TASK OBJECTIVE: Starting at the top of the entries below, write out each line up to and including the one containing "black leather belt". Leave the pictures out.
--
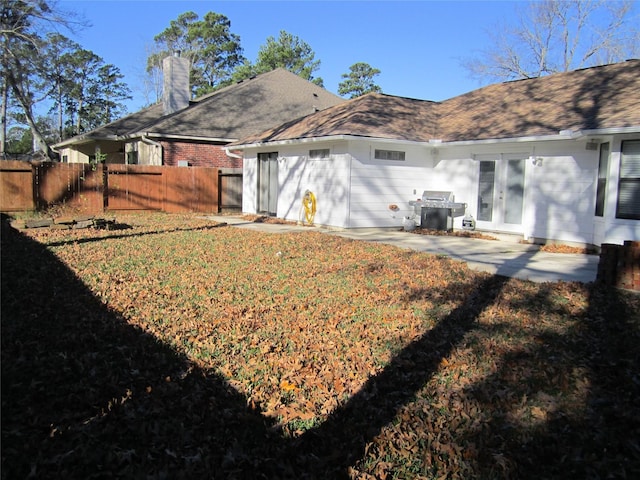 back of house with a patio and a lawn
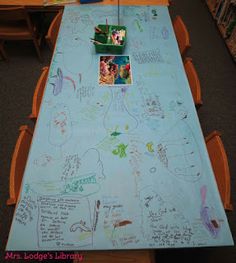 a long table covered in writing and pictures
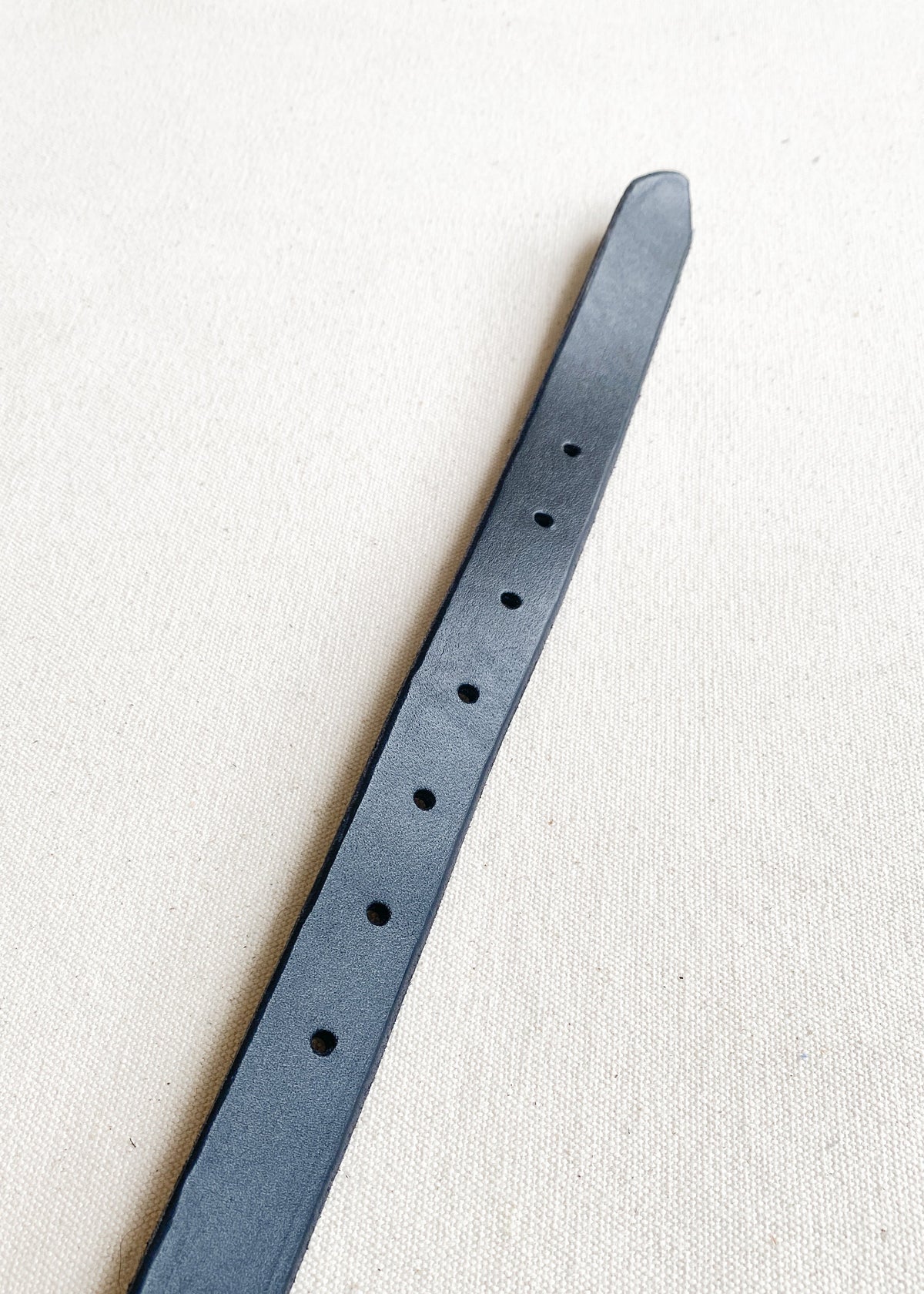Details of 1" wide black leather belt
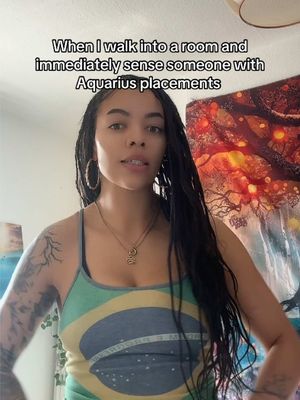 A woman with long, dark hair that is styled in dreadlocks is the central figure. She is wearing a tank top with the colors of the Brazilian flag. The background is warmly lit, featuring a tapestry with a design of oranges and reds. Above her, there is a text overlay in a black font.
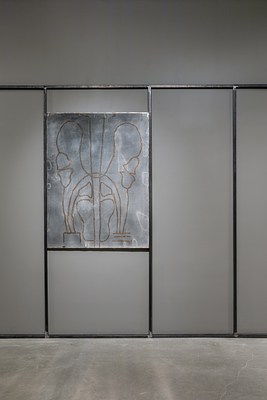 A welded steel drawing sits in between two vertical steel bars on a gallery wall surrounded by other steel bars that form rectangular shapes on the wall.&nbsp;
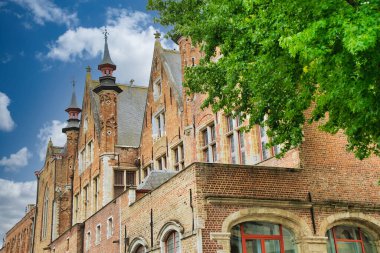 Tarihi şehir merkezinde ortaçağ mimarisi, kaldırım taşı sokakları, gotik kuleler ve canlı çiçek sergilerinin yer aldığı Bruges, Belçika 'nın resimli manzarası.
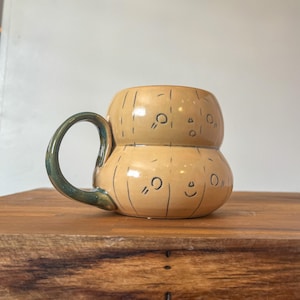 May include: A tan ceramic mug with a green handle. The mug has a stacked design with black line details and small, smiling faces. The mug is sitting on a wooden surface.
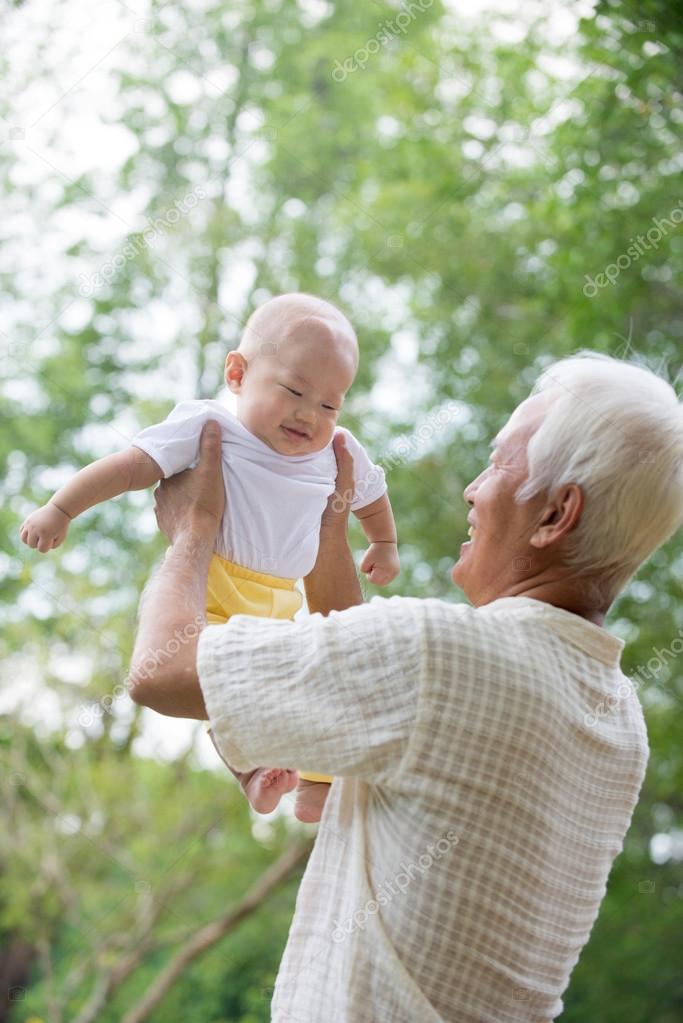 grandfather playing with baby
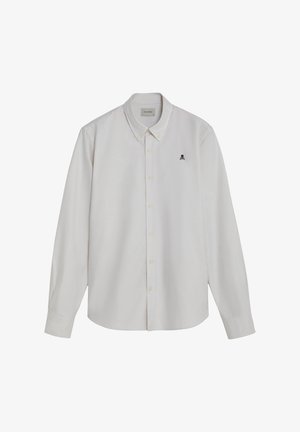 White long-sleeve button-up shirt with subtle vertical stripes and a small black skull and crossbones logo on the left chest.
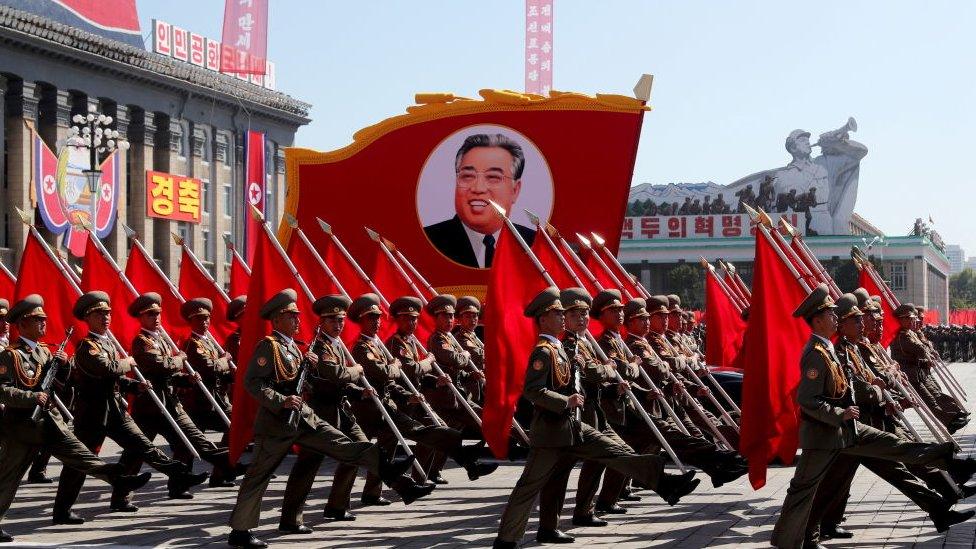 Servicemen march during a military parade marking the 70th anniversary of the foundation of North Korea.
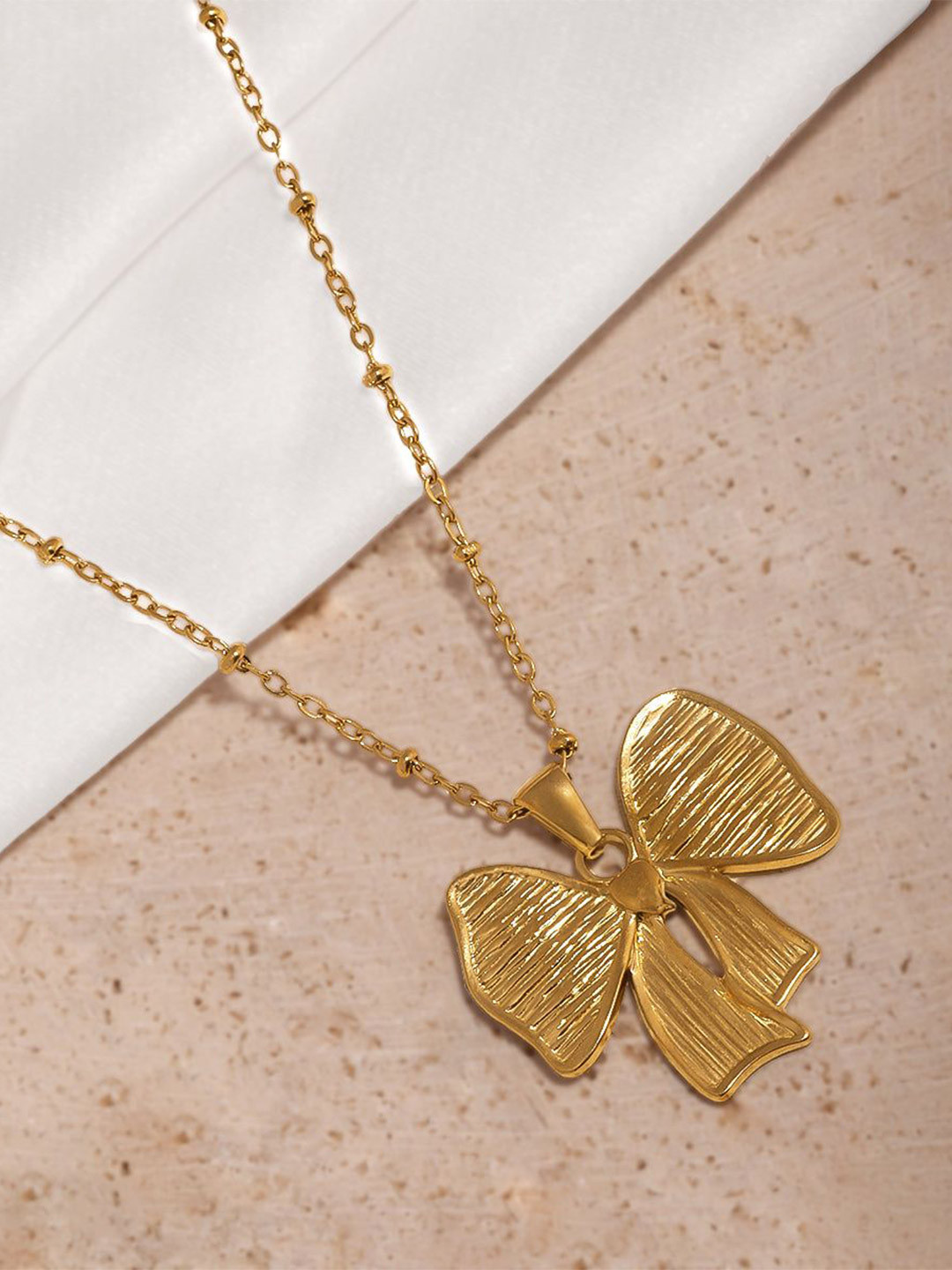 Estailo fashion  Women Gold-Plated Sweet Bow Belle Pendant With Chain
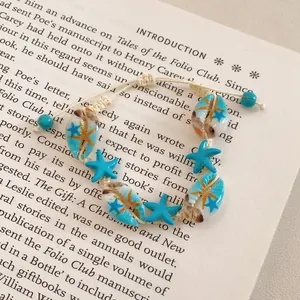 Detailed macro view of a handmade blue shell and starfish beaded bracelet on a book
--
SOLUTION FOR THIS PROBLEM:
 back of house with a patio and a lawn
 a long table covered in writing and pictures
Details of 1" wide black leather belt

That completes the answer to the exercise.